(Records from a data source)

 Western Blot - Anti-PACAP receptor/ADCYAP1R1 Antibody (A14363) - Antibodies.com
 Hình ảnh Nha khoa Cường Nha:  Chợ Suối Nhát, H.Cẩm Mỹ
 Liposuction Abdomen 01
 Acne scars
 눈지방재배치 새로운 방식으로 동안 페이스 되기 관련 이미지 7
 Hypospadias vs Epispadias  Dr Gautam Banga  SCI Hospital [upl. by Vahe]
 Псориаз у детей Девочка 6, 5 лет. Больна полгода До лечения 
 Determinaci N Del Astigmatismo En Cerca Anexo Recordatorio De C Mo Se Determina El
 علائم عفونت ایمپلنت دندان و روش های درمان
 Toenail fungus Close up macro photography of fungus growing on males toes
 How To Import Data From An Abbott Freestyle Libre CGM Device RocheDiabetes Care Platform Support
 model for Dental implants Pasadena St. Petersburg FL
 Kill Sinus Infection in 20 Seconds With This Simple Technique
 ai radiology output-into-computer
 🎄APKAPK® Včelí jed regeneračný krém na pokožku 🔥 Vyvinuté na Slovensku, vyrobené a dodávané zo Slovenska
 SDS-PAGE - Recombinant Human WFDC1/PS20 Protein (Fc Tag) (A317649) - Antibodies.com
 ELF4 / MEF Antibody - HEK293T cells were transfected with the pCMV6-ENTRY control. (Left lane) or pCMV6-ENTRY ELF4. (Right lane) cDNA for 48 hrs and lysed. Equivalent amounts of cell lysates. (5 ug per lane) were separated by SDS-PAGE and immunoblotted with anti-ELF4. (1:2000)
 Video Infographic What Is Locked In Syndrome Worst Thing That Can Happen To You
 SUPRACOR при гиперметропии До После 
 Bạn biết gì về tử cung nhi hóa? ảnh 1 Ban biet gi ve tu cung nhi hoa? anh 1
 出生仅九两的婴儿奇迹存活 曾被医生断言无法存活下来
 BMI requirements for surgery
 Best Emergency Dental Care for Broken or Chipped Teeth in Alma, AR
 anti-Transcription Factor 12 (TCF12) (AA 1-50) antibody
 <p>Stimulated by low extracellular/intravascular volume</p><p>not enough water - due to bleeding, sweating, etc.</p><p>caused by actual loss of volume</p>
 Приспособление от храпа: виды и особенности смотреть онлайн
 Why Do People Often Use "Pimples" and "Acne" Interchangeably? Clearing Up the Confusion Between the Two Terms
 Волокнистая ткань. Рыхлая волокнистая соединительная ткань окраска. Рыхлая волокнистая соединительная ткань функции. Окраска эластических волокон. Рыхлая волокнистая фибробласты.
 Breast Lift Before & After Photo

= Required action =
Out of the entries above, write out only the lines between the line holding "Kill Sinus Infection" and the line holding "ELF4 / MEF Antibody", inclusive, each exactly as given.

= Solution to this problem =
 Kill Sinus Infection in 20 Seconds With This Simple Technique
 ai radiology output-into-computer
 🎄APKAPK® Včelí jed regeneračný krém na pokožku 🔥 Vyvinuté na Slovensku, vyrobené a dodávané zo Slovenska
 SDS-PAGE - Recombinant Human WFDC1/PS20 Protein (Fc Tag) (A317649) - Antibodies.com
 ELF4 / MEF Antibody - HEK293T cells were transfected with the pCMV6-ENTRY control. (Left lane) or pCMV6-ENTRY ELF4. (Right lane) cDNA for 48 hrs and lysed. Equivalent amounts of cell lysates. (5 ug per lane) were separated by SDS-PAGE and immunoblotted with anti-ELF4. (1:2000)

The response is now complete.